The next step one should take is to run the material — now from a computer tape since the material must be on a tape to generate the frequency-list — through the machine to generate the preliminary concordance. This program should give an output of a complete alphabetized list of words in the work with only the line numbers in which the words appear. It may be possible to get a line concordance at this stage (for shorter texts — say under 5,000 lines of verse), but that is not needed. It is from such a list that the concordancer works to separate further homographs which he no doubt will find during the proofreading, to help him refer to the text to verify peculiar spellings, to help in the gathering of variant spellings which will eventually be listed under a single headword, and so on. I found several errors which slipped by me in the other proofreading phases of the project when I had this preliminary concordance.[9]

The Fourth Program

Since the material is now on tape, and since one may very well find errors in the text, there is a simple but necessary program that will allow the concordancer to make up cards with corrections of the errors, and to insert these cards, automatically substituting the corrected readings for the incorrect ones. The output for this program will be a list of the original readings, and the corrected ones which have been substituted. The lines with errors can easily be located since each line has a unique number in the data.

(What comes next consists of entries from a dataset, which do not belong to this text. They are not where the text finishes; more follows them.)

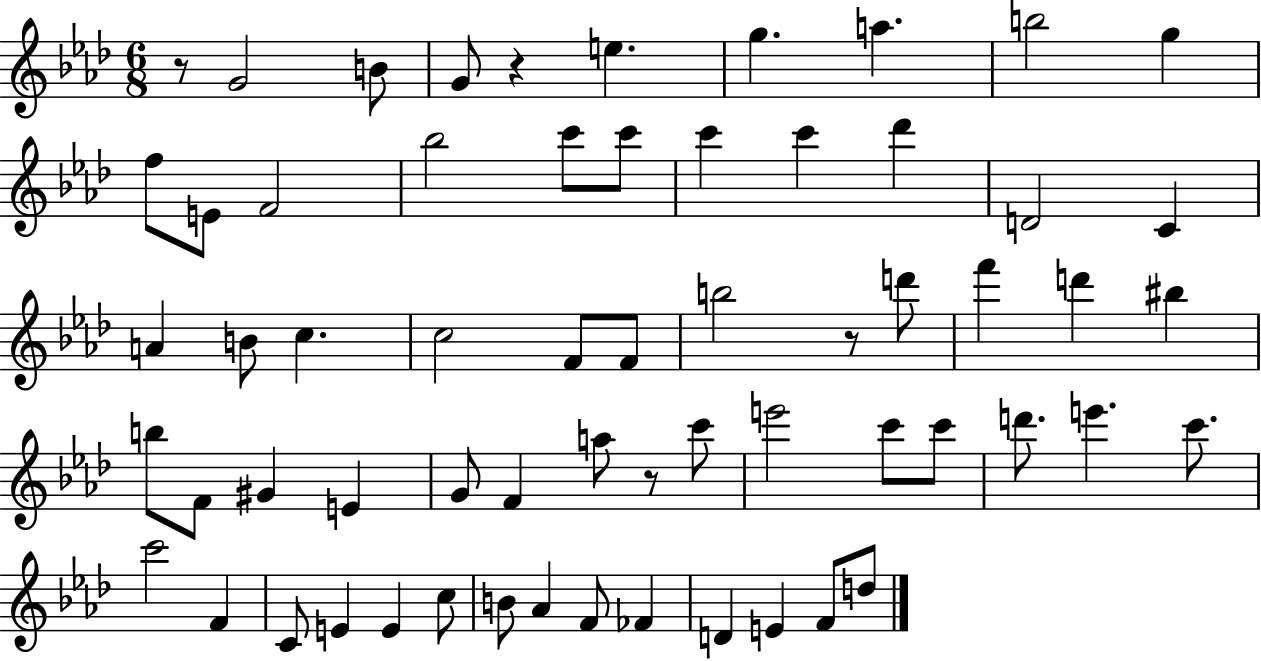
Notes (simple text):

R/e G4/h B4/e G4/e R/q E5/q. G5/q. A5/q. B5/h G5/q F5/e E4/e F4/h Bb5/h C6/e C6/e C6/q C6/q Db6/q D4/h C4/q A4/q B4/e C5/q. C5/h F4/e F4/e B5/h R/e D6/e F6/q D6/q BIS5/q B5/e F4/e G#4/q E4/q G4/e F4/q A5/e R/e C6/e E6/h C6/e C6/e D6/e. E6/q. C6/e. C6/h F4/q C4/e E4/q E4/q C5/e B4/e Ab4/q F4/e FES4/q D4/q E4/q F4/e D5/e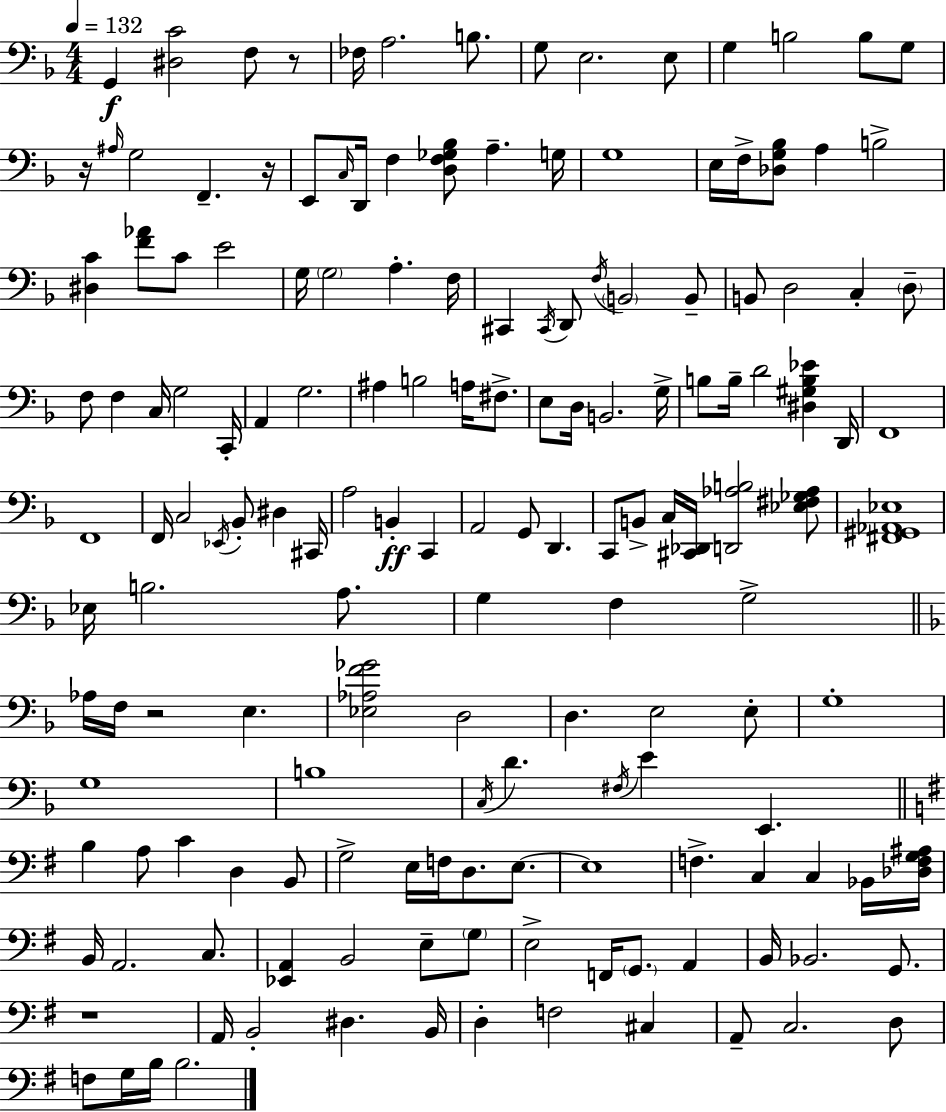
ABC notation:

X:1
T:Untitled
M:4/4
L:1/4
K:Dm
G,, [^D,C]2 F,/2 z/2 _F,/4 A,2 B,/2 G,/2 E,2 E,/2 G, B,2 B,/2 G,/2 z/4 ^A,/4 G,2 F,, z/4 E,,/2 C,/4 D,,/4 F, [D,F,_G,_B,]/2 A, G,/4 G,4 E,/4 F,/4 [_D,G,_B,]/2 A, B,2 [^D,C] [F_A]/2 C/2 E2 G,/4 G,2 A, F,/4 ^C,, ^C,,/4 D,,/2 F,/4 B,,2 B,,/2 B,,/2 D,2 C, D,/2 F,/2 F, C,/4 G,2 C,,/4 A,, G,2 ^A, B,2 A,/4 ^F,/2 E,/2 D,/4 B,,2 G,/4 B,/2 B,/4 D2 [^D,^G,B,_E] D,,/4 F,,4 F,,4 F,,/4 C,2 _E,,/4 _B,,/2 ^D, ^C,,/4 A,2 B,, C,, A,,2 G,,/2 D,, C,,/2 B,,/2 C,/4 [^C,,_D,,]/4 [D,,_A,B,]2 [_E,^F,_G,_A,]/2 [^F,,^G,,_A,,_E,]4 _E,/4 B,2 A,/2 G, F, G,2 _A,/4 F,/4 z2 E, [_E,_A,F_G]2 D,2 D, E,2 E,/2 G,4 G,4 B,4 C,/4 D ^F,/4 E E,, B, A,/2 C D, B,,/2 G,2 E,/4 F,/4 D,/2 E,/2 E,4 F, C, C, _B,,/4 [_D,F,G,^A,]/4 B,,/4 A,,2 C,/2 [_E,,A,,] B,,2 E,/2 G,/2 E,2 F,,/4 G,,/2 A,, B,,/4 _B,,2 G,,/2 z4 A,,/4 B,,2 ^D, B,,/4 D, F,2 ^C, A,,/2 C,2 D,/2 F,/2 G,/4 B,/4 B,2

At this point one is at a crossroads: the data, including headwords and


224

Page 224
cross-references, could all be put onto computer tapes and the computer could be directed from a terminal how to group and categorize the words, and which to separate from which; or, human hands could manipulate a deck into the final concordance, which could then be printed out from the cards. The former plan would require hundreds of hours at an IBM terminal, feeding information into the computer. The costs of this method are very high (between $2.50 and $3.00 per hour plus the salary of the person sitting at the terminal). Furthermore, it would still be necessary for the person sitting at the terminal to type out all headwords and cross-references, a task which would complicate matters greatly and increase the amount of time considerably. The method I used, however, was inexpensive, and was, I believe, more accurate than the 'terminal method' would have been.

Using the preliminary concordance and the glossary in the text I was dealing with, I punched all headwords and cross-references on IBM cards. In this form they can easily be listed and proofread, and corrections can be made with simple substitutions of cards. One must anticipate what sort of information will be needed for these cards, and how many key-strikes he may allow himself. For example, I designed the page to be six inches in width, so the headword and cross-reference cards could not exceed sixty (or perhaps 62) key-strikes.

As Benson complains (p. 273), the Beowulf concordance does not always separate homographs, and the cross-referencing is somewhat inadequate. I suggest that every form of every word (or at least every potentially unrecognizable form) be cross-referenced. It may take a good deal of trouble (as I so painfully found out), but the ultimate benefit derived is worth-while. Users of the concordance will find it a more versatile and valuable tool if this is done.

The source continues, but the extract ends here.